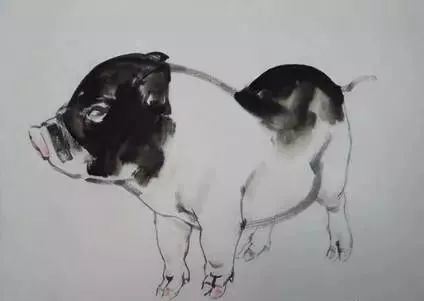 猪年国画：猪的绘画步骤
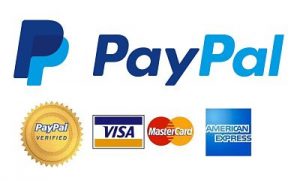 como vender servicios en internet con paypal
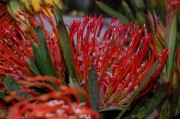 Protea (pincushion)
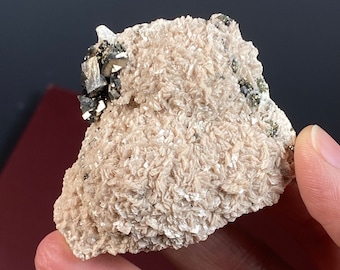 Kosovo Rhodochrosite Crystal Cluster with Arsenopyrite from Trepça Mines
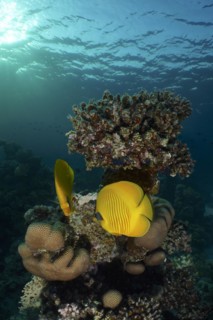 Pair of bluecheek butterflyfish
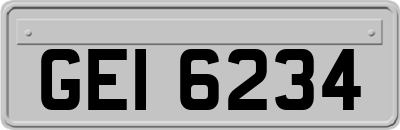 GEI6234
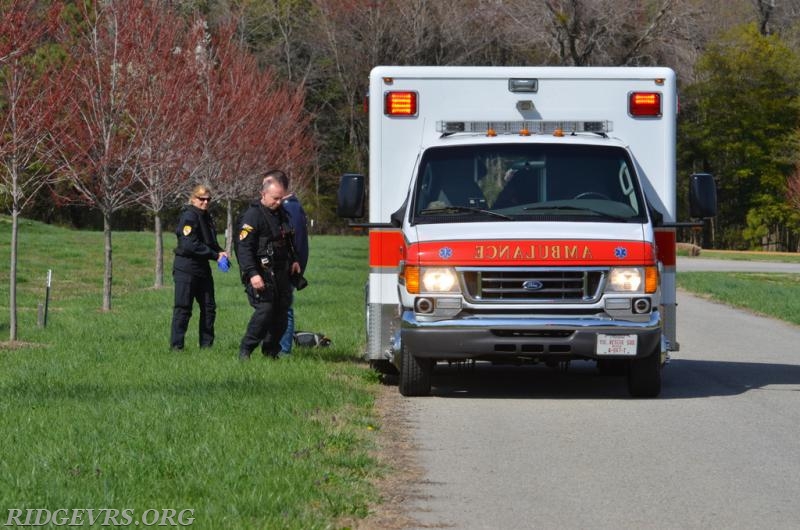 Ambulance 497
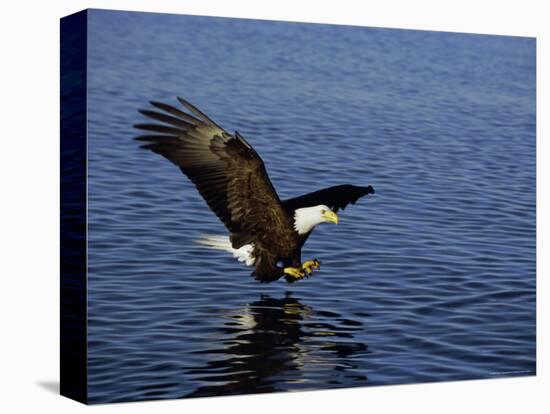 Bald Eagle (Haliaetus Leucocephalus) in February, Alaska, USA-David Tipling-Premier Image Canvas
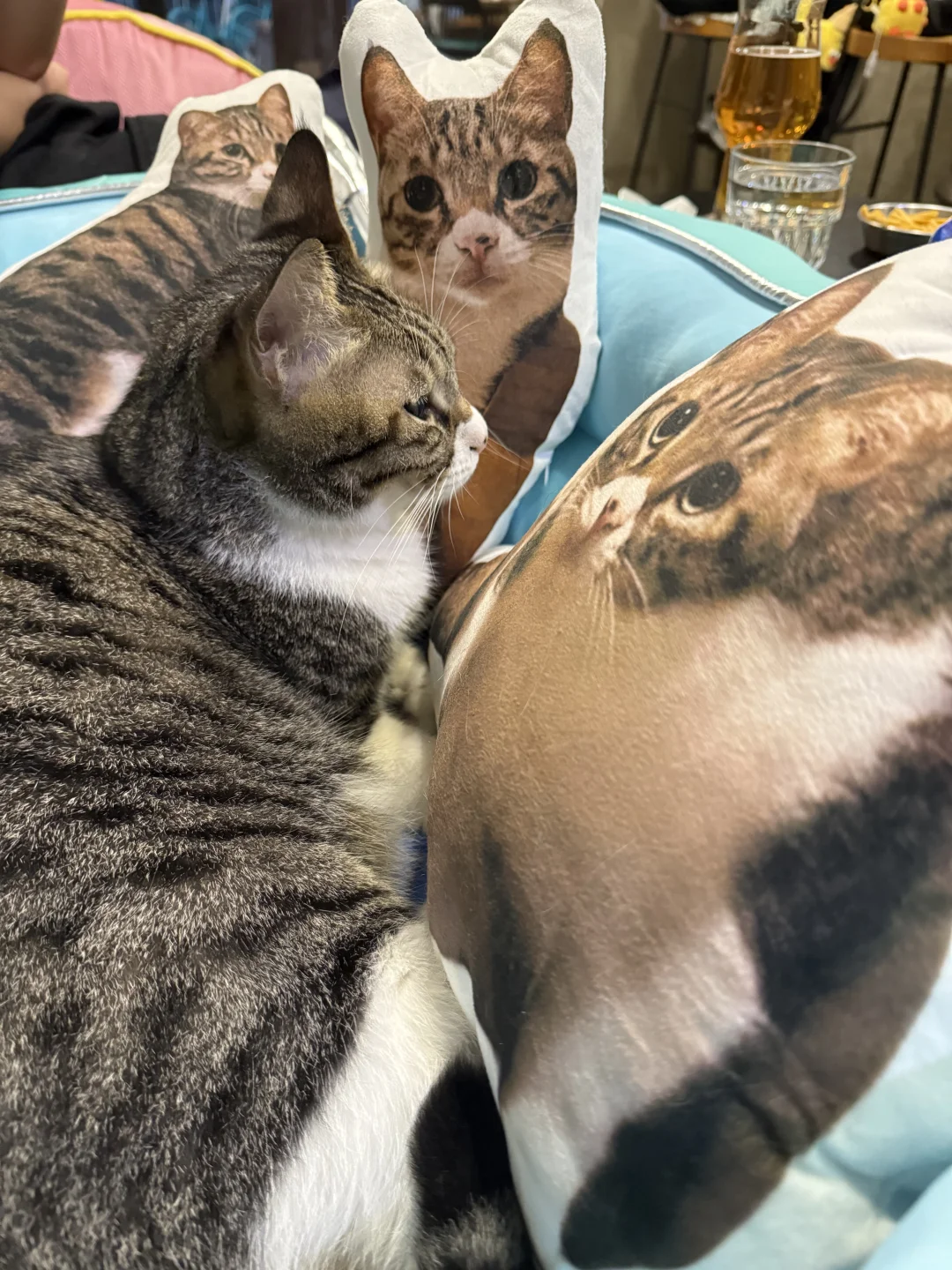 咪猪写真集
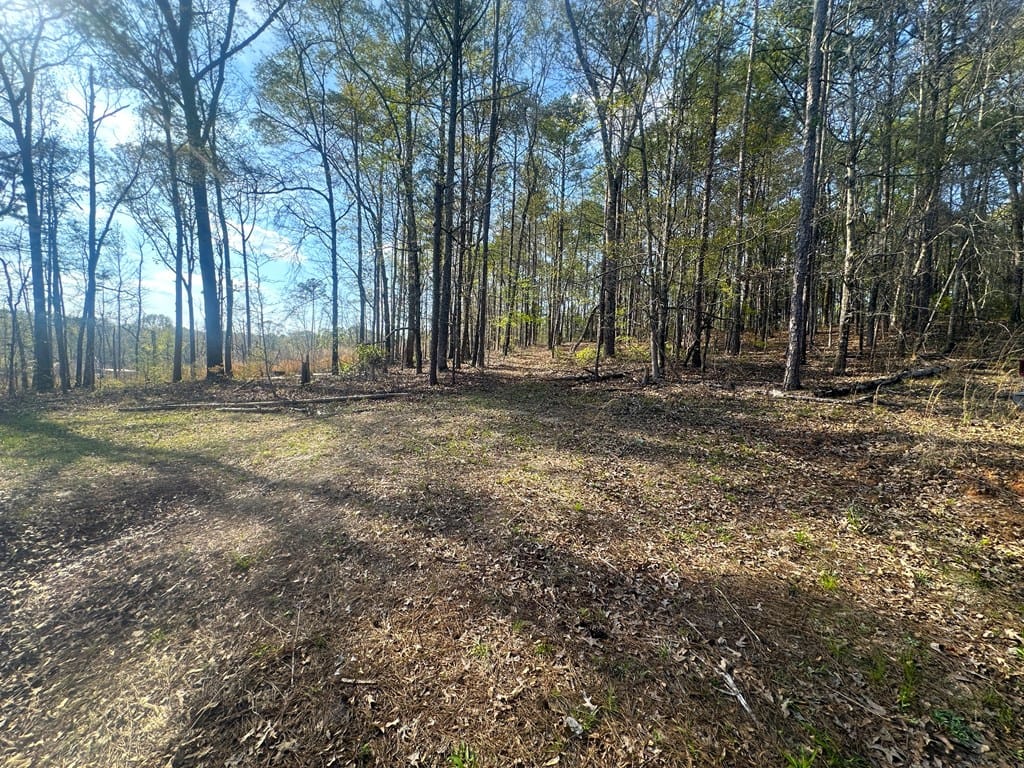 Lot 19 Highway 0085, Waverly Hall, GA, 31831 — Photo 3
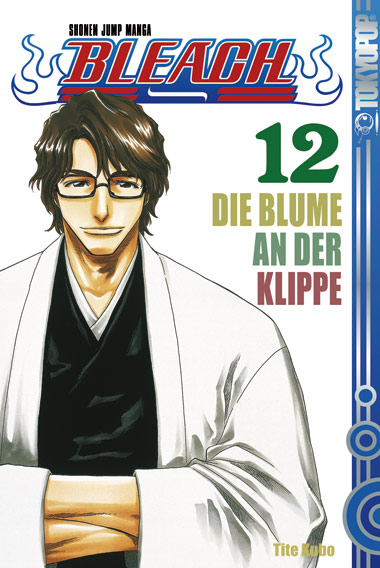 Bleach - Band 12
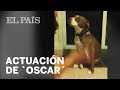 Un perro simula DESMAYARSE para evitar que le corten las uñas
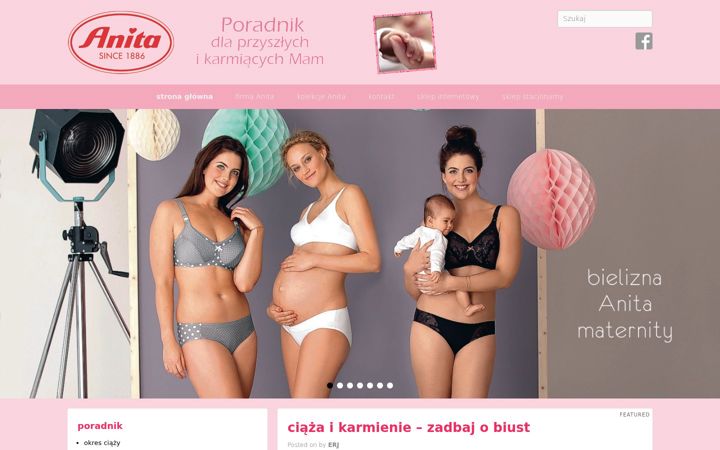 Screenshot of biustonoszdokarmienia.pl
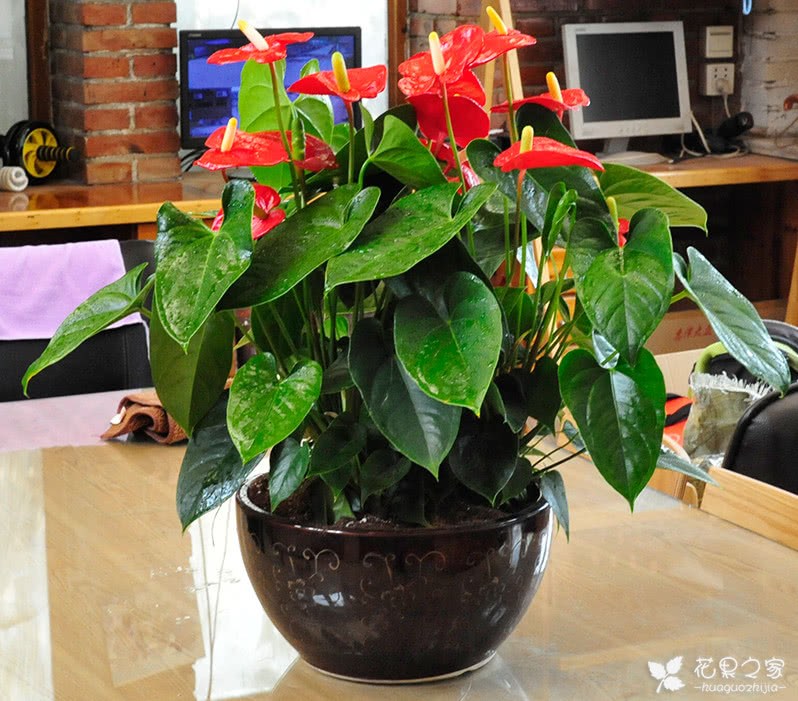 How to raise Anthurium andraeanum? Culture methods and matters needing attention of Anthurium andraeanum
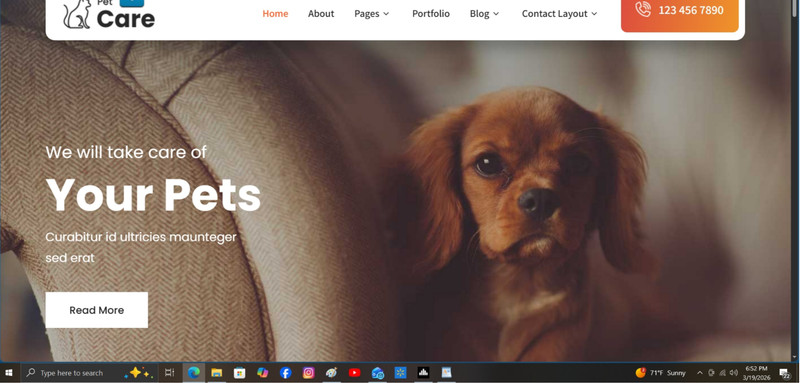 PET SITTER / WALKER/ SERVICES - Website for sale (For the self-employed)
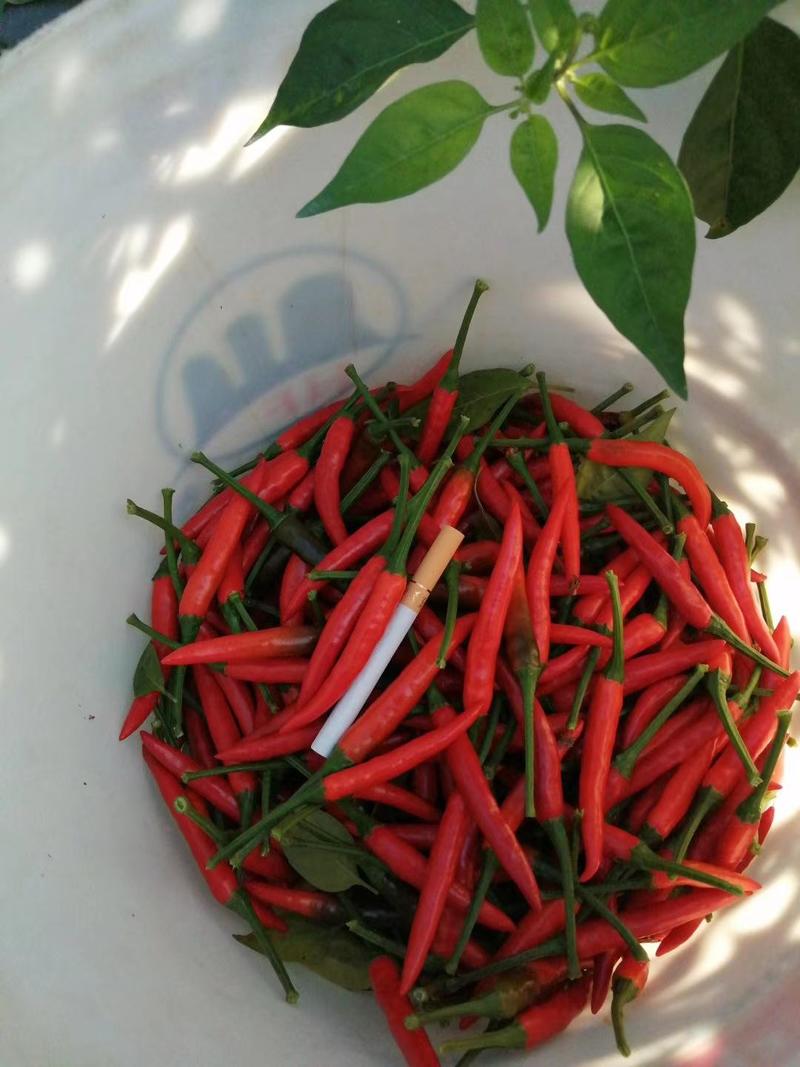 贵州新52小米椒3千亩基地艳红椒大量供应中，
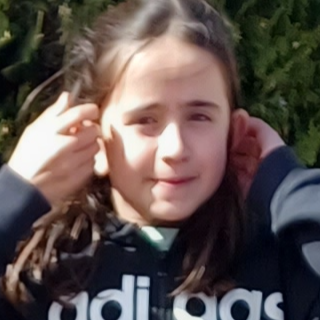 AMELIA ANDRES GUTIERREZ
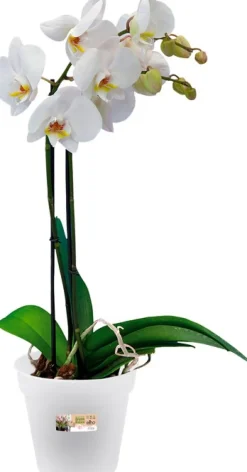 Elho green basics Orchideentopf transparent D 13 H 12 cm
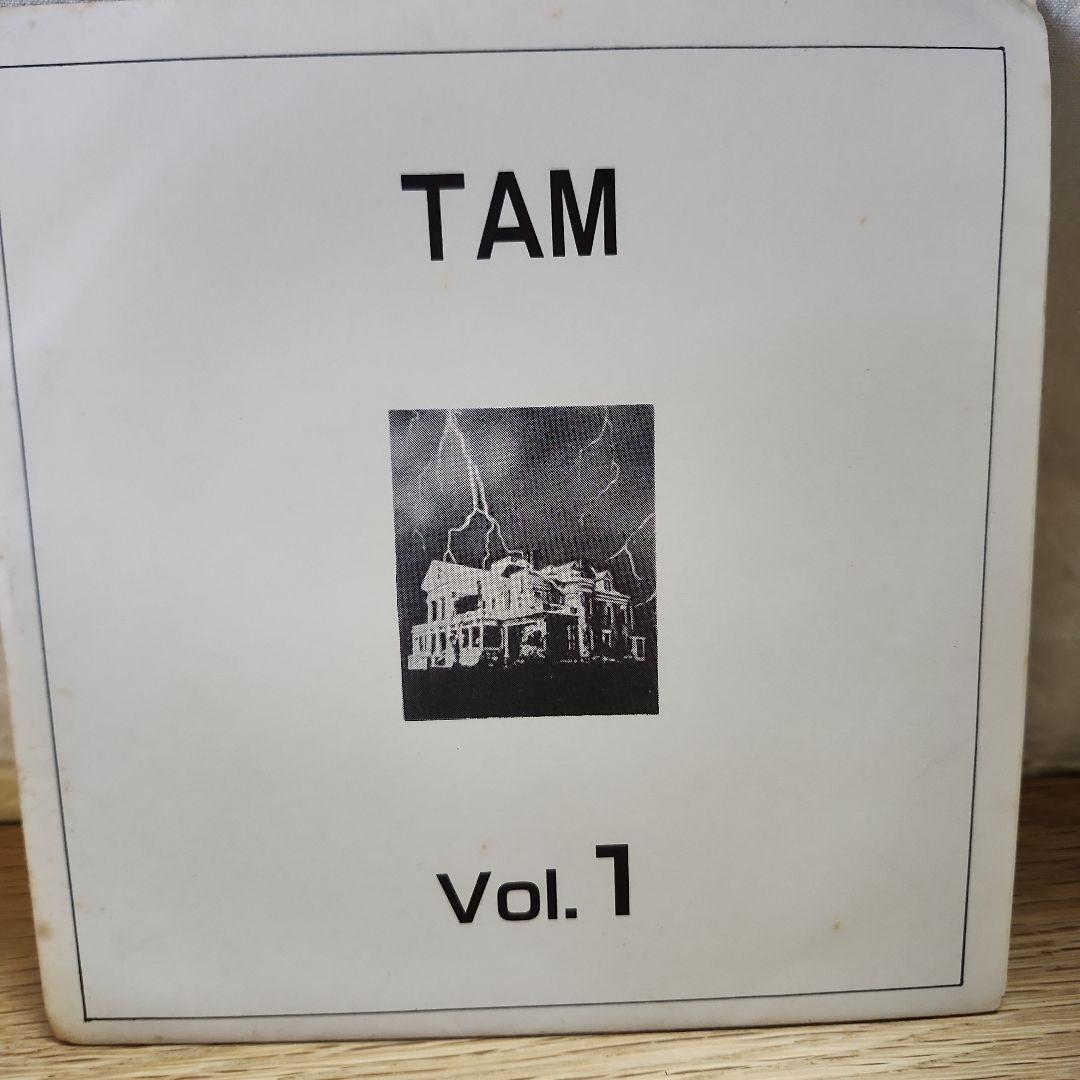 ガ*ラ様 TAM Vol.1 赤盤ソノシート 黒盤EPレコード ゴジラ破壊のテー
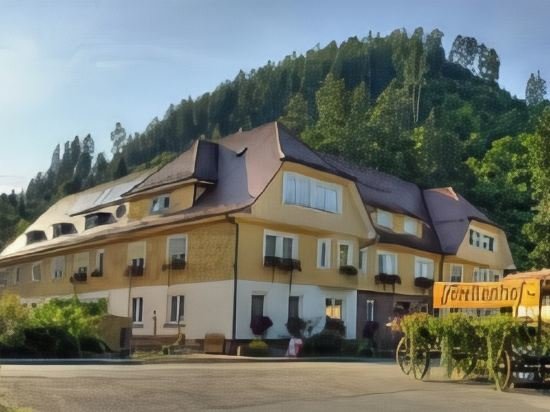 Hotel Teinachtal — hotel in Neubulach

**DIRECTIONS FOR THIS TASK:** What are the lines above from the one with "Kosovo Rhodochrosite Crystal" to the one with "Bleach - Band 12", both included? Reproduce them exactly, without pictures.

**FINAL ANSWER:**
 Kosovo Rhodochrosite Crystal Cluster with Arsenopyrite from Trepça Mines
 Pair of bluecheek butterflyfish
 GEI6234
 Ambulance 497
 Bald Eagle (Haliaetus Leucocephalus) in February, Alaska, USA-David Tipling-Premier Image Canvas
 咪猪写真集
 Lot 19 Highway 0085, Waverly Hall, GA, 31831 — Photo 3
 Bleach - Band 12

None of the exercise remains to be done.